Twilight for Dublin? Image: Hans-Peter Bock.

Growing pains

However, the UK’s decision to leave the EU may have already begun to hurt Ireland. Consumer spending growth slowed to 3 per cent in 2016, down from 4.5 per cent in 2015, with a significant dip in the second half of the year. Export growth was the joint lowest that Ireland has seen since 2008, at just 2.4 per cent.

The terms of the trade deal between Britain and the EU are yet to be agreed.

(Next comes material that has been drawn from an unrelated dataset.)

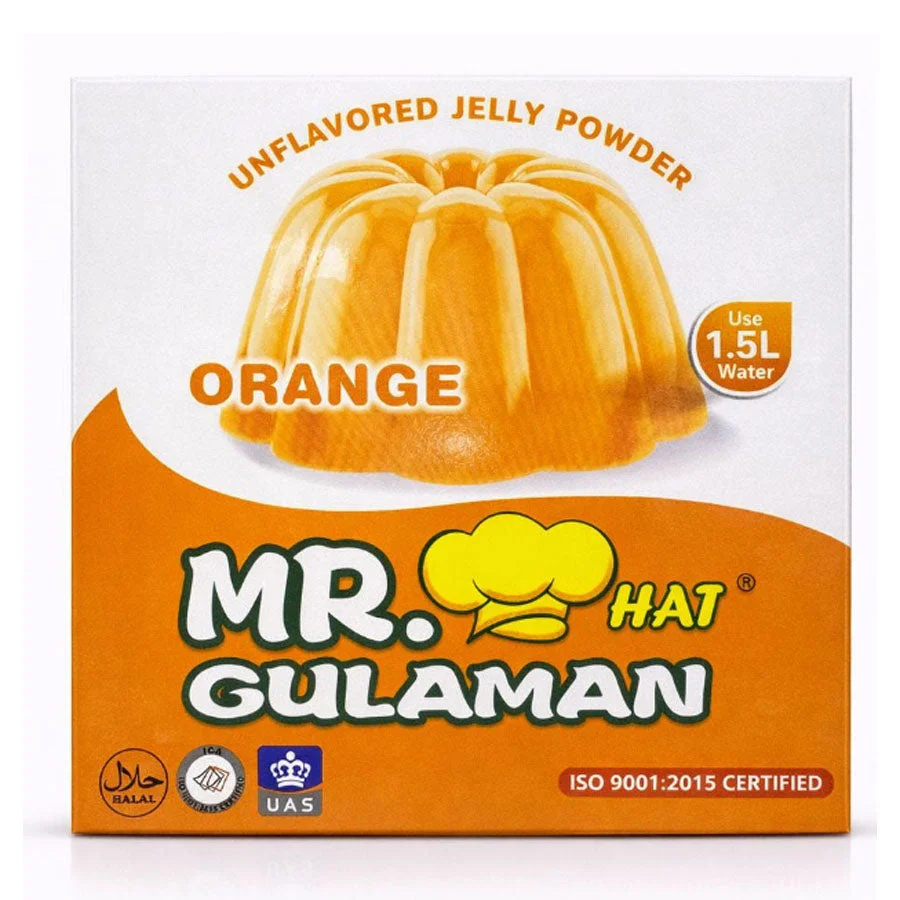 Mr. Hat Gulaman Powder Orange 10x25g=250g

Pat Leahy, political editor of the Irish Times, argues that the worst possible outcome would be no agreement between the Britain and the EU, meaning that World Trade Organisation rules (including tariffs of up to 50 per cent on agricultural goods) would apply. “Such an outcome would have the potential to devastate Irish exporters to the UK,” he says.

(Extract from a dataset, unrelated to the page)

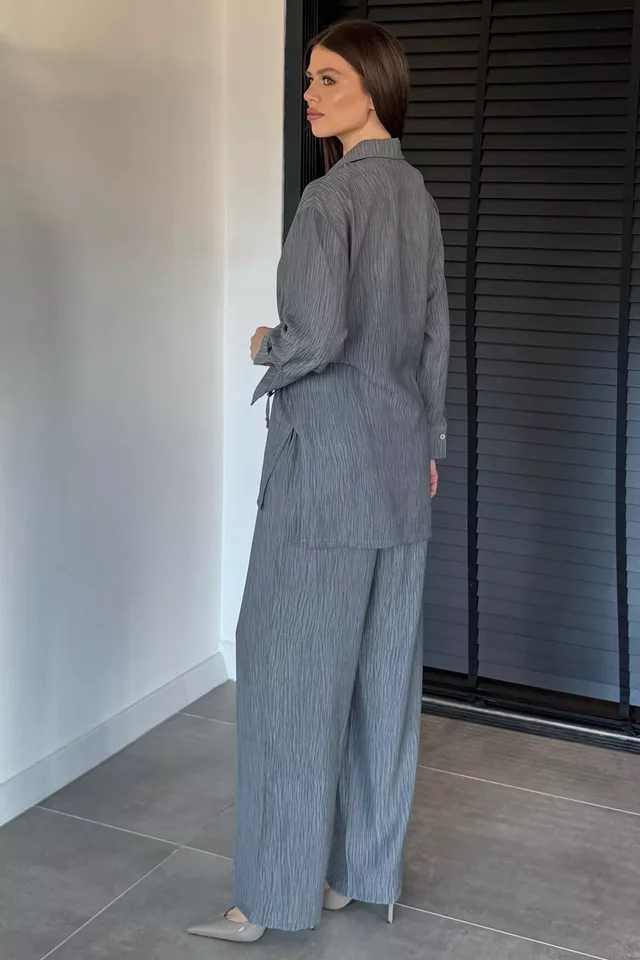 Perry Kadın Ön Bağlamalı Kimono İkili Takım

At a time when export growth is already slowing, this is bad news for the Irish economy. While Ireland’s main export market is the US, with whom it traded €26bn of goods and services in 2015, it still relies heavily on exports to the UK. However, it is worth noting that in the same year, Irish exports to Belgium exceeded the value of Irish exports to the UK.

Such a large trading relationship with the US means that the Trump administration’s preference for protectionist trade policies is of course another significant threat to the Irish export market.

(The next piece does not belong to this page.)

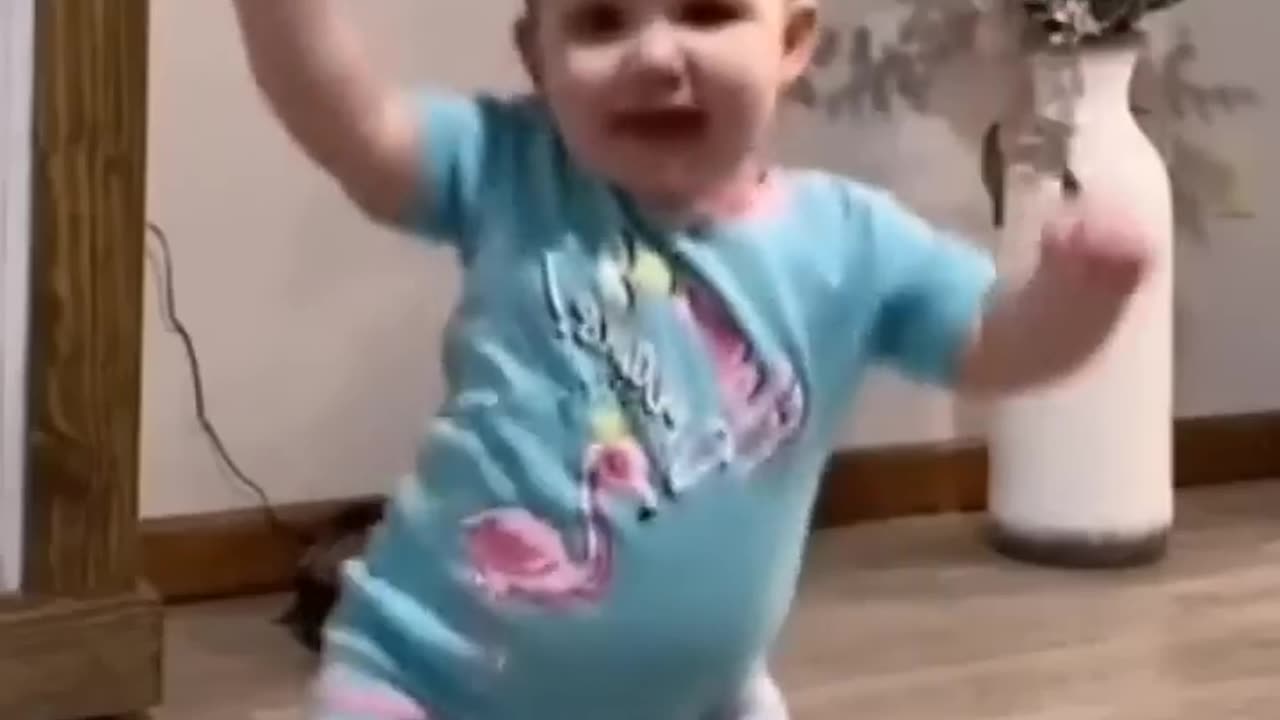 Dancing cute ❤️ baby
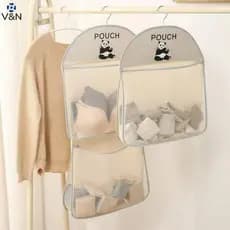 (V & N) Saco De Malha De Armazenamento Multicamadas Economize Espaço Sacos Sos De Grande Capacidade Guarda-Roupa Pendura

Nobody’s quite sure about the big stick but it looks cool. Image: Robzle.

The Home Front

On the domestic front, the outlook is far more promising. The Economic and Social Research Institute is hopeful that the renewed boom in the construction sector could bring Ireland to full employment (defined as a level of unemployment below the post-crash low of 5.6 per cent) by the end of 2018.


The ESRI report found that the housing market is now the main driver of growth in the domestic economy, and emphasised the importance of managing this growth in a sustainable way. Dr. Kieran McQuinn, the report author, commented: “We’re treading a fine line between driving the economy to produce more houses and pushing it into overheating territory.”

Danny McCoy, chief executive of the Irish Business and Employers’ Confederation, is also optimistic about the prospect of domestic growth acting as a shock absorber against uncertainty in trade relations with the US and UK. He said:

“The economy is now facing some major external threats… [but] we are facing those threats from a position of economic and fiscal strength…

We must use that position of strength to take more decisive steps to relieve competitiveness pressures which are within our control, by massively ramping up investment in infrastructure, R&D and education.”

Another gratuitous picture of Dublin. Image: Doyler79.

Invest to be the best

While Ireland is now running a budget surplus, and there are signs of strong domestic growth, it is understandable that industry leaders such as McCoy are calling for increased capital investment to protect against external shocks. Directly after the UK triggered Article 50 last month, industry leaders called on the Irish government to exert as much influence as possible to ensure that key exporters receive the best deal possible.

Paul Kelly, director of Food Drink Ireland, said: “The agri-food sector exports €4.1bn of food and drink to the UK and accounts for 43,000 Irish jobs. Agri-food is the Irish sector most exposed to trade disruption, and the Irish Government must do all within its control to ensure minimum impact to the free flow of goods.”

Despite these calls, the fact remains that, as just one of 27 EU states, Ireland has limited influence over the final outcome; this despite the significant implications for trade, immigration and the north/south border.

While the forecast for the export market is fairly bleak, the domestic economy and national budget are both strong. As this Irish writer can confirm, Dublin remains one of the best cities in the world.